Asking More From NIMBYs


As anyone who has read this blog knows, we generally like NIMBYs – people who take political action solely because of their unvarnished self-interest in preventing something they don’t want from happening in their literal or figurative “back yard.”  

That’s because, like canaries in a coal mine that provide an early warning to miners that danger literally is in the air, NIMBYs draw our attention to problems we might otherwise overlook because they’re not too high on our personal radars.  And that’s a good thing, irrespective of the actual merits of their position. 

The most recent example of NIMBYism here in Park Ridge is the cell tower T-Mobile wanted to erect at Northeast Park, next to the tennis courts. 

T-Mobile received the blessing of the Park Ridge Recreation & Park District, which stood to receive around $25,000 a year in license fees.  Although the Park Board approved the tower at a sparsely-attended public meeting back in April, an outpouring of NIMBY opposition at the City’s Planning & Zoning Commission hearing last Tuesday night (October 26) prompted P&Z’s denial of T-Mobile’s request for the necessary special use permit it needed for the tower.  

Frankly, the Park District screwed this up, big-time, by not giving the Northeast Park NIMBYs the direct-mail notice of the April Park District meeting it customarily gives neighbors before taking actions that would have a significant impact on any parks.  Had that custom been followed, the crowd that showed up at City Hall for the P&Z meeting likely would have shown up at Park District headquarters back in April; and the T-Mobile deal might have been scuttled right then and there. 

That mistake by the Park District created a lot of unnecessary ill will.  Hopefully, Director Ochromowicz and the Park Board members have learned their lesson. 

And we hope the entire community learned the lesson that a relatively small group of citizens – in this case, the 80 to 100 who showed up at the P&Z meeting – can have an impact on local issues that is generally impossible to achieve on the county, state or federal levels, absent the contribution or bundling of $500,000+ to some politician’s campaign fund.  

But we wonder whether a more important lesson was learned by, or lost on, the NIMBYs protesting the cell tower, many of whom seemed a little too impressed with what was achieved with only one visit to City Hall – a well-deserved victory, most assuredly, but one that may have been as much (or more) the product of T-Mobile’s own failure to satisfy all the City’s special-use application requirements as it was of the merits of the NIMBYs’ complaints. 

A cell tower in a park is the easiest of political targets, and clearly not representative of most governmental problems – whose complexities regularly bedevil our elected and appointed public officials.  

What about resolving the City’s continuing multi-million dollar deficits, or its flooding problems?

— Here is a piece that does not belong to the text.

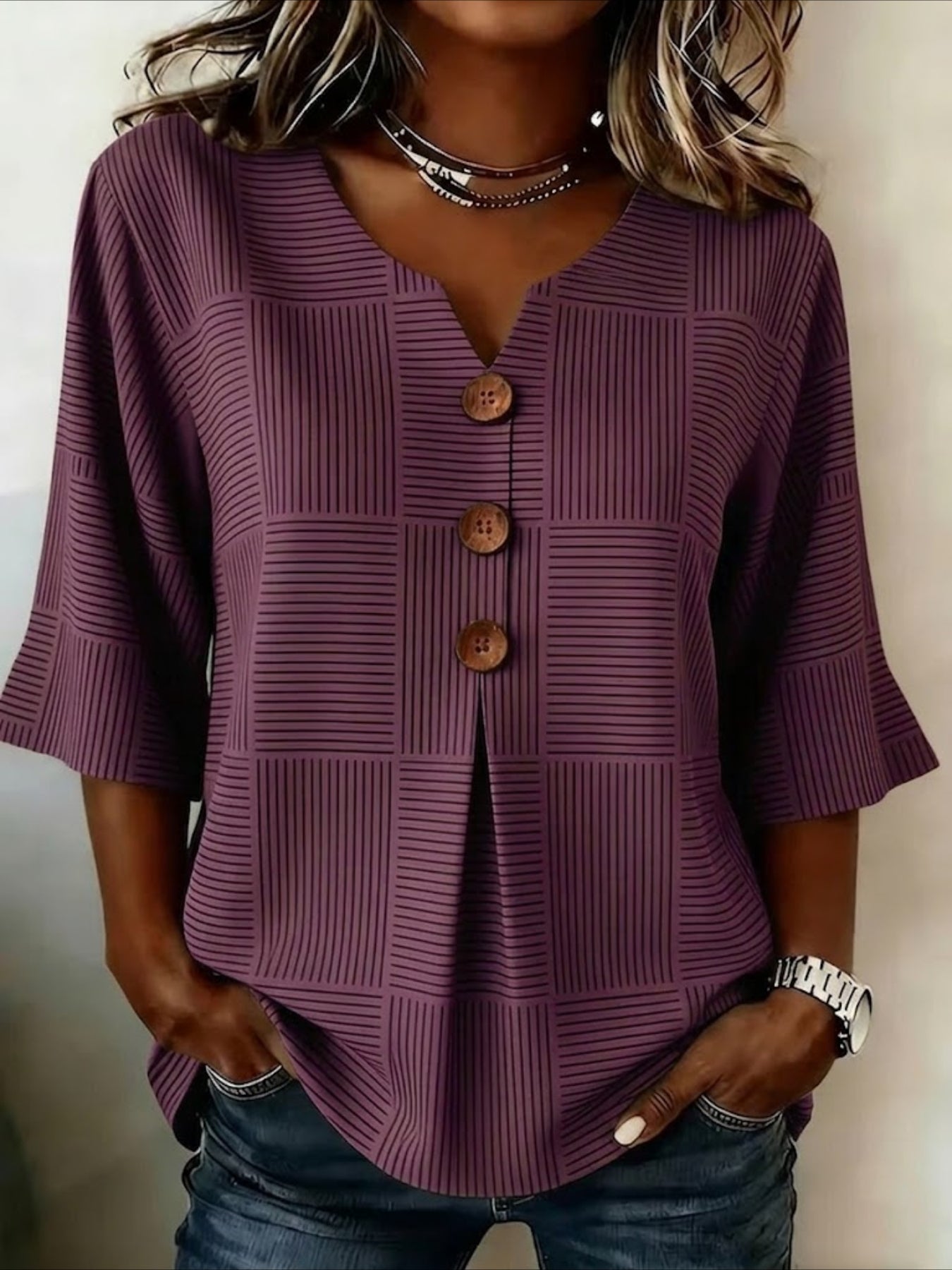 Striped V Neck Button Short Ruffle Sleeve Casual Top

What about District 64’s less-than-impressive performance on the ISATs compared to other districts?  What about the Park District’s losing almost $100,000 a year on Oakton Pool, and another almost $200,000 on the Senior Center?  Or, for that matter, how does the Park District go about replacing the $25,000/year it was going to get from the cell tower? 

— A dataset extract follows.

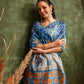 Hiral Fashion Blue Chanderi Cotton Blend Abstract Digital Printed Saree | Swadesiicart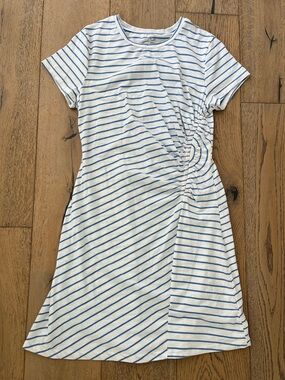 Universal Thread Medium Blue Stripe T Shirt Knit Dress Ruched Shirred Cotton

These problems can’t be solved in one meeting, or by a few handfuls of impassioned speeches. But they are far more important to the present and future of this community than one cell tower in one park.  And they deserve a whole lot more resident attention and input than they seem to be getting. 

The big question is:  Can NIMBYs, including the Northeast Park variety still basking in the self-satisfaction of their recent cell tower victory, see their civic duty as extending beyond their own backyards?